TASK BRIEF
Using the data below, return the stretch from the line that contains "Holubinka nazelenalá - Russula virescens" through the line that contains "Dendrobium lawesii Blüte", both included, exactly as it stands and nothing beyond it.

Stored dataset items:
..........

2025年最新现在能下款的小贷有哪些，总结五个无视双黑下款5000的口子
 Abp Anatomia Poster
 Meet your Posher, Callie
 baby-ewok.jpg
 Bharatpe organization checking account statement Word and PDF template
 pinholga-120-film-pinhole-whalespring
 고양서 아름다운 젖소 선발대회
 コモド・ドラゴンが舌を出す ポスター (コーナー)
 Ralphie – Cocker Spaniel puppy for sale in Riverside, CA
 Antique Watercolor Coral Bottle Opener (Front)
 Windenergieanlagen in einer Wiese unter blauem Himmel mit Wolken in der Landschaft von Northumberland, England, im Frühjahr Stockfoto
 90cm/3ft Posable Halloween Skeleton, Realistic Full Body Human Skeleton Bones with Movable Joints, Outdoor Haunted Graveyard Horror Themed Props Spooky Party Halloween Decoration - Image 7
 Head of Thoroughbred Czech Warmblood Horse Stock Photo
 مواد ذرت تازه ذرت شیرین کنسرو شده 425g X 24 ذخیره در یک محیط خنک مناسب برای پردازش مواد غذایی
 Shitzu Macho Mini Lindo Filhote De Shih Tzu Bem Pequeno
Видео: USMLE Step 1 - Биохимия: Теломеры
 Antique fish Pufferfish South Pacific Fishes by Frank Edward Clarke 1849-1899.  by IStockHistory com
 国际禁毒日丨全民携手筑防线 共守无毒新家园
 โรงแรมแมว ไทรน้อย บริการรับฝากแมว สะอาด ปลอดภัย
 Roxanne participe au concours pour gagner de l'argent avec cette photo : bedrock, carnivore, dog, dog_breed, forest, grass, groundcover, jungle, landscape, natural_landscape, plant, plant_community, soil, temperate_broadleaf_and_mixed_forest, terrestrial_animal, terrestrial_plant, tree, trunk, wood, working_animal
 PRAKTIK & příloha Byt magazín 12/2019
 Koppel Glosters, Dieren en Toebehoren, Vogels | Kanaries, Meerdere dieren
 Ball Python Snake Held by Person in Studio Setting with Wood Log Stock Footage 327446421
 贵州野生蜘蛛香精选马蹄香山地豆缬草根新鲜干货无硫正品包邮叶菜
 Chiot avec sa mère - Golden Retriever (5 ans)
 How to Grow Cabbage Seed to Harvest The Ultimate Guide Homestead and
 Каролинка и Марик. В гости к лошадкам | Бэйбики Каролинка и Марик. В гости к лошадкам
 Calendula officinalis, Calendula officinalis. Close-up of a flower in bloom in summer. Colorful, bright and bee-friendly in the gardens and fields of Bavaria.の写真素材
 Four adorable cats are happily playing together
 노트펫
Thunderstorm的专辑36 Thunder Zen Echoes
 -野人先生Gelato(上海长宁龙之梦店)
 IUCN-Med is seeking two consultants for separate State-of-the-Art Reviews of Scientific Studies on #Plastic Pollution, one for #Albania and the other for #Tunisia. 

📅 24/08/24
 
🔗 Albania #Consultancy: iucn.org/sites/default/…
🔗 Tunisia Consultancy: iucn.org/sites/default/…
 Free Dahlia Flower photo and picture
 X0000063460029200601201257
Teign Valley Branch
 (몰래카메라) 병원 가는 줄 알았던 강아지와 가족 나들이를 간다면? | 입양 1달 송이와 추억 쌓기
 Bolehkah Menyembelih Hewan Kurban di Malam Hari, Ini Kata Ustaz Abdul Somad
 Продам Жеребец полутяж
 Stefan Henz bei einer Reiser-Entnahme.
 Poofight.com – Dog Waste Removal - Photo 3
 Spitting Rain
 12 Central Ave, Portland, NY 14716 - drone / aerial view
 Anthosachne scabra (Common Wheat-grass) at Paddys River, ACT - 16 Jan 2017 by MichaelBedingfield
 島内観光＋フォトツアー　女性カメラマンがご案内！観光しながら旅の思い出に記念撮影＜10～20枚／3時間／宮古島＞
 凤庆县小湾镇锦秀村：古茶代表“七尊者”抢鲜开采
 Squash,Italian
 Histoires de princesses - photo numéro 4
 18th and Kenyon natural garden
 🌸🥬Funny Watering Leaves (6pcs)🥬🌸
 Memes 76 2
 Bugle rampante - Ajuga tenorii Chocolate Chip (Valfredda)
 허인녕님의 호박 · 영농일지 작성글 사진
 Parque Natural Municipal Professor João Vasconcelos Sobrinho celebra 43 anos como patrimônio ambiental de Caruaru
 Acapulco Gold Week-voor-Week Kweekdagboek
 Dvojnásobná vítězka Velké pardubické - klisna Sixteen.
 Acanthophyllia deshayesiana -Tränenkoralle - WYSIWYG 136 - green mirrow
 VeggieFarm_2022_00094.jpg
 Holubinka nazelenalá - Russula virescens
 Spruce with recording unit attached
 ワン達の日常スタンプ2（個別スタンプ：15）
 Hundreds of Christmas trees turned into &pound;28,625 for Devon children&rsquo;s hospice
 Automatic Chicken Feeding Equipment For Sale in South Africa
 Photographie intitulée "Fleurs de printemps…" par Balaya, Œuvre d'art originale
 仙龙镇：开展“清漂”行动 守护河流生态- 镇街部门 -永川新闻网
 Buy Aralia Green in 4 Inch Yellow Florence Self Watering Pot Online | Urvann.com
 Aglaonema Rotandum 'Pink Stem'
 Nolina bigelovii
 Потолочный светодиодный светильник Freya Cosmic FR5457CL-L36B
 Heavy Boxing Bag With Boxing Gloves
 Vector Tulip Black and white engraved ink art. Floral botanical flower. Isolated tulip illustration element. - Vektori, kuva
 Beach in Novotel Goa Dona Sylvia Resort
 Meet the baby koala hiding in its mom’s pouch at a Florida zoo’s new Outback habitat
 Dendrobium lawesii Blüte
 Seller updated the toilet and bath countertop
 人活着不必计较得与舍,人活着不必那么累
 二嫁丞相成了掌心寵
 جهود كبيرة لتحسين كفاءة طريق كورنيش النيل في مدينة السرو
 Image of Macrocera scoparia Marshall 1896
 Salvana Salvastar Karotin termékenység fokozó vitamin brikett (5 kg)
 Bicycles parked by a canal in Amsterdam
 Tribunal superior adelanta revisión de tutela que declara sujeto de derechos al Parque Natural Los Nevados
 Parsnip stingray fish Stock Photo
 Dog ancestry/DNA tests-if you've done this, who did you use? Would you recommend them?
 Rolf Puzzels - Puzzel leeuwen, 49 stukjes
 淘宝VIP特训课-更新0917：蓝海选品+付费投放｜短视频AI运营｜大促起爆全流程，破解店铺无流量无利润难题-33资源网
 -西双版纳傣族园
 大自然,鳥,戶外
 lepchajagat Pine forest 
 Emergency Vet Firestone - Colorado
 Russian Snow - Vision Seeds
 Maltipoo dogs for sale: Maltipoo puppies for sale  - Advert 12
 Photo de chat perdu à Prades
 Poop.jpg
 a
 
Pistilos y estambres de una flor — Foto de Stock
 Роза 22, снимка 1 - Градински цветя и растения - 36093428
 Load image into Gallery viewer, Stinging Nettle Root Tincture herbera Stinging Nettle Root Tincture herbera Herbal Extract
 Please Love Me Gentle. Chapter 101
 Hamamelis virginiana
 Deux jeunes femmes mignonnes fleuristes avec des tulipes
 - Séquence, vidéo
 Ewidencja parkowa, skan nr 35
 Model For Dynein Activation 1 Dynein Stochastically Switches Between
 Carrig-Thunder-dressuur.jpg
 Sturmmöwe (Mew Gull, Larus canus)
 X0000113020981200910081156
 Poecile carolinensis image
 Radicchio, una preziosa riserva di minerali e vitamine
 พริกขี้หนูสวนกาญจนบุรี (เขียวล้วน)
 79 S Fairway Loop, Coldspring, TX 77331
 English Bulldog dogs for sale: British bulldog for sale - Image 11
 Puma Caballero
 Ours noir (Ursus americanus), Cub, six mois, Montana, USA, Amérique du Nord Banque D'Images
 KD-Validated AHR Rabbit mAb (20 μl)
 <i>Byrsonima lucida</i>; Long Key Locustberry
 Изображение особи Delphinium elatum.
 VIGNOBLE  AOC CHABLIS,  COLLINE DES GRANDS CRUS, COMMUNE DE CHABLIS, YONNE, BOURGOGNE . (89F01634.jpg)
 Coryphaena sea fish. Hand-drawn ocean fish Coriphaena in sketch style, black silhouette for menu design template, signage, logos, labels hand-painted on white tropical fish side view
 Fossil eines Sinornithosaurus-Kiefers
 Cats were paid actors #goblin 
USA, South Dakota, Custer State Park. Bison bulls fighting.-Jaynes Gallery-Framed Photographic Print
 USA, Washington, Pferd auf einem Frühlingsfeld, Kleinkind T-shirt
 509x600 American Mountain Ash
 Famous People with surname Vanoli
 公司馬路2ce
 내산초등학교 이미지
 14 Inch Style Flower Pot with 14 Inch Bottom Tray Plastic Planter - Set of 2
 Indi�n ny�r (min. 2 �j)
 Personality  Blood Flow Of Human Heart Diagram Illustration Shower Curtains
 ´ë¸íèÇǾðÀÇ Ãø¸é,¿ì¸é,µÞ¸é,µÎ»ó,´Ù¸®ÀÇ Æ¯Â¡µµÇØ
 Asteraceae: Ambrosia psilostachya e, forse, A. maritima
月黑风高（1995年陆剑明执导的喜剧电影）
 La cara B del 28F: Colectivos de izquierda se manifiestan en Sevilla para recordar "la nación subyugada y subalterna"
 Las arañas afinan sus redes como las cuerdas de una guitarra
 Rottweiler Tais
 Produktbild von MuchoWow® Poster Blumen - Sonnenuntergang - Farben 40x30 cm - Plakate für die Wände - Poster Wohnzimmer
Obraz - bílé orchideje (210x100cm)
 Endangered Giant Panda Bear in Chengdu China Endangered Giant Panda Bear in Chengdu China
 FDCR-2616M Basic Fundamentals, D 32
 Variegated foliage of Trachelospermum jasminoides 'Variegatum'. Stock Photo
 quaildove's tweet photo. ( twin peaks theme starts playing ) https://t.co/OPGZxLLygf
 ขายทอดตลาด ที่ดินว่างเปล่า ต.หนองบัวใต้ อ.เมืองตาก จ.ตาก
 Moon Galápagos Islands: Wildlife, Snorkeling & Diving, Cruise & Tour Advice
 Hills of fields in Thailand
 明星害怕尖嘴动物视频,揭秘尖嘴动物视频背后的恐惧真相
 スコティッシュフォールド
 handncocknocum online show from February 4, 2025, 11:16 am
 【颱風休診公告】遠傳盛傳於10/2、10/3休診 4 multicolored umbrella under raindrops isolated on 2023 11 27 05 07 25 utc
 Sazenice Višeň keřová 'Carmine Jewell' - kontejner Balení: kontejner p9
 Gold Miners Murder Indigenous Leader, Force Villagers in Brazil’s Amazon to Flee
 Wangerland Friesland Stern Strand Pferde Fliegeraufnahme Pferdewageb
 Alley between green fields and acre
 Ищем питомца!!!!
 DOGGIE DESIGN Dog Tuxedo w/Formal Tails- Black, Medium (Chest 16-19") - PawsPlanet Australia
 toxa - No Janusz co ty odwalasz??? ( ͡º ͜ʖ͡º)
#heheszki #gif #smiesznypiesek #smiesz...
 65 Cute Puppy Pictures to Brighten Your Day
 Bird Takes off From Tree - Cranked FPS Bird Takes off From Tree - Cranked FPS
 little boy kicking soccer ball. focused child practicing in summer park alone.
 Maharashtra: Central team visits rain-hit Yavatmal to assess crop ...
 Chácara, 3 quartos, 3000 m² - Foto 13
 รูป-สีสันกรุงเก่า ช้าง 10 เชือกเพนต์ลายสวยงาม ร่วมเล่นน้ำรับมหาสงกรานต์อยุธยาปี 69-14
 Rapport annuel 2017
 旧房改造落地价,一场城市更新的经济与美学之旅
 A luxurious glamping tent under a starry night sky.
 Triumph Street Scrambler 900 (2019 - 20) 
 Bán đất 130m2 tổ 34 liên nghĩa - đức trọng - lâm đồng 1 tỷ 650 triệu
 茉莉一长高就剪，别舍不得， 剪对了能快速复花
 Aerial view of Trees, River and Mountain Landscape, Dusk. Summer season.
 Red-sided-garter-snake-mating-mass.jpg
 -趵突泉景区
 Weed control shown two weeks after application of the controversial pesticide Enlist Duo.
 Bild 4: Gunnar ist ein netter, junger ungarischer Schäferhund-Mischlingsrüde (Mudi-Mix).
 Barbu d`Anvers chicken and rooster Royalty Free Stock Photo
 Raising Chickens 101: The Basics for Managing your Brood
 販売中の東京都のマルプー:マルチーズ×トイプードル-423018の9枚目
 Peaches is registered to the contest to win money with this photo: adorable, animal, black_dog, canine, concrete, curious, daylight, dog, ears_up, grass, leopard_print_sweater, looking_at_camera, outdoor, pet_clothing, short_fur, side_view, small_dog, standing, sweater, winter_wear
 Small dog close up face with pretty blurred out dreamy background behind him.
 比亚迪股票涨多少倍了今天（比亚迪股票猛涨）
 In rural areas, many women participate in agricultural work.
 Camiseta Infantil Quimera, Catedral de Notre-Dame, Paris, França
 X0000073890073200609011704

..........

EXPECTED OUTPUT
 Holubinka nazelenalá - Russula virescens
 Spruce with recording unit attached
 ワン達の日常スタンプ2（個別スタンプ：15）
 Hundreds of Christmas trees turned into &pound;28,625 for Devon children&rsquo;s hospice
 Automatic Chicken Feeding Equipment For Sale in South Africa
 Photographie intitulée "Fleurs de printemps…" par Balaya, Œuvre d'art originale
 仙龙镇：开展“清漂”行动 守护河流生态- 镇街部门 -永川新闻网
 Buy Aralia Green in 4 Inch Yellow Florence Self Watering Pot Online | Urvann.com
 Aglaonema Rotandum 'Pink Stem'
 Nolina bigelovii
 Потолочный светодиодный светильник Freya Cosmic FR5457CL-L36B
 Heavy Boxing Bag With Boxing Gloves
 Vector Tulip Black and white engraved ink art. Floral botanical flower. Isolated tulip illustration element. - Vektori, kuva
 Beach in Novotel Goa Dona Sylvia Resort
 Meet the baby koala hiding in its mom’s pouch at a Florida zoo’s new Outback habitat
 Dendrobium lawesii Blüte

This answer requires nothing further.